- What you should do -
The listing below should be reproduced exactly, with the pictures omitted.

- Data -
============

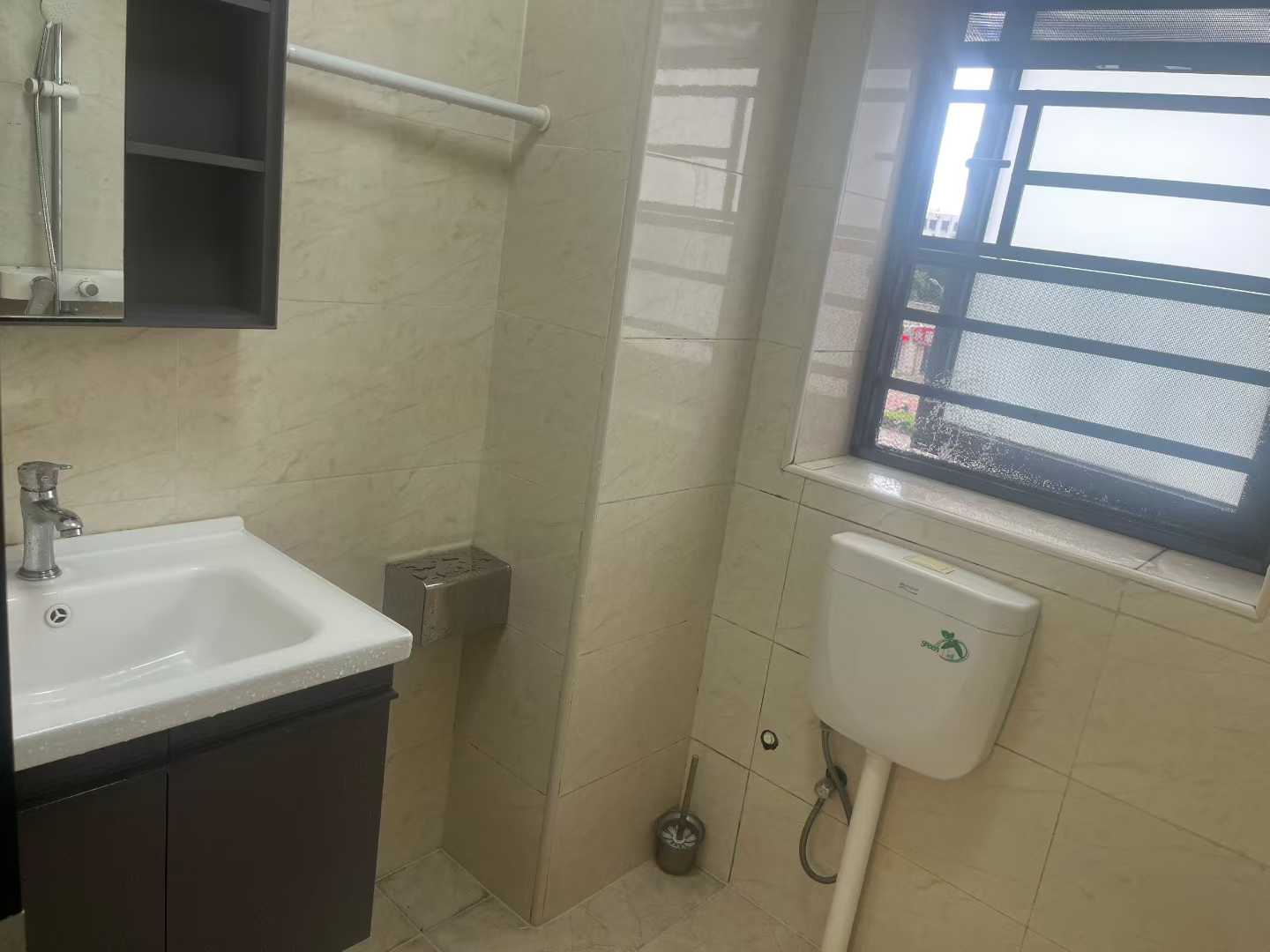 龙城新景  2室2厅1卫    102.0万 龙城新景  2室2厅1卫    102.0万室内图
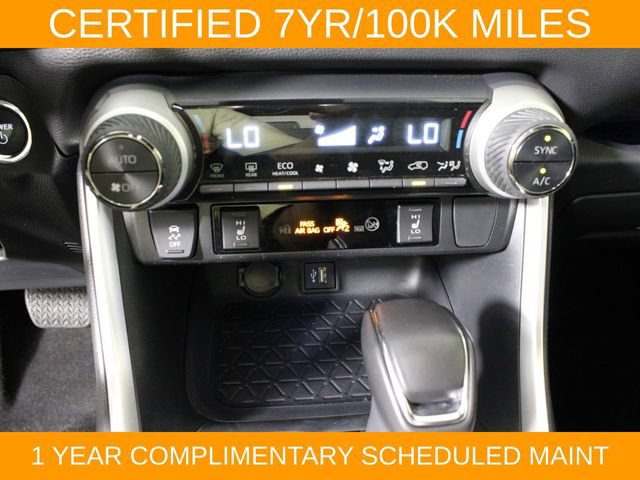 Used 2025 Toyota RAV4 XSE AWD/4WD image 26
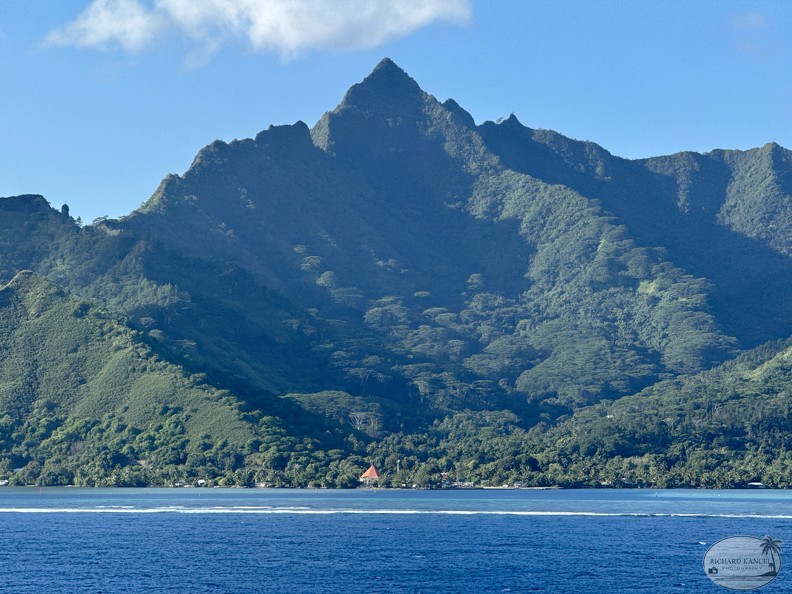 DJI_20251105_070507_214-Moorea.jpg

============

- Output of the task -
 龙城新景  2室2厅1卫    102.0万 龙城新景  2室2厅1卫    102.0万室内图
 Used 2025 Toyota RAV4 XSE AWD/4WD image 26
 DJI_20251105_070507_214-Moorea.jpg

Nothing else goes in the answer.